• PROMPT
Upon reaching the line containing "龟头很多红色斑点还有点疼", output that line and all remaining lines exactly, through the end of the entries, and output nothing before it.

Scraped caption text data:
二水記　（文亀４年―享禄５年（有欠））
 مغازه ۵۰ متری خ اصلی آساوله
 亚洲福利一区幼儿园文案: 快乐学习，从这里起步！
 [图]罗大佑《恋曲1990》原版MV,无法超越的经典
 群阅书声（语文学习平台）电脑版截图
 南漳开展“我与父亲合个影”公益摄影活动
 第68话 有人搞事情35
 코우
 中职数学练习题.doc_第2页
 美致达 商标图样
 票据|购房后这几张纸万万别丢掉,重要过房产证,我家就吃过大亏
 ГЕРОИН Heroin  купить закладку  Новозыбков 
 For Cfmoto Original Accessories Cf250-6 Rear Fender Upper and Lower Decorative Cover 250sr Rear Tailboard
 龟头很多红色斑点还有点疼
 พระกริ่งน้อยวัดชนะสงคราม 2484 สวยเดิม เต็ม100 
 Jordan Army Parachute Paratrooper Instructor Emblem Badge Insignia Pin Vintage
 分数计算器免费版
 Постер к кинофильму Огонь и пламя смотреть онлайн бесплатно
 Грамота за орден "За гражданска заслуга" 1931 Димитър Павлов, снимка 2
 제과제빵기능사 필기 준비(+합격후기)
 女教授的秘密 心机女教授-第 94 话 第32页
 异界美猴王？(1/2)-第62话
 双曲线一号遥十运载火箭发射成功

• RESPONSE TO THE EXERCISE
 龟头很多红色斑点还有点疼
 พระกริ่งน้อยวัดชนะสงคราม 2484 สวยเดิม เต็ม100 
 Jordan Army Parachute Paratrooper Instructor Emblem Badge Insignia Pin Vintage
 分数计算器免费版
 Постер к кинофильму Огонь и пламя смотреть онлайн бесплатно
 Грамота за орден "За гражданска заслуга" 1931 Димитър Павлов, снимка 2
 제과제빵기능사 필기 준비(+합격후기)
 女教授的秘密 心机女教授-第 94 话 第32页
 异界美猴王？(1/2)-第62话
 双曲线一号遥十运载火箭发射成功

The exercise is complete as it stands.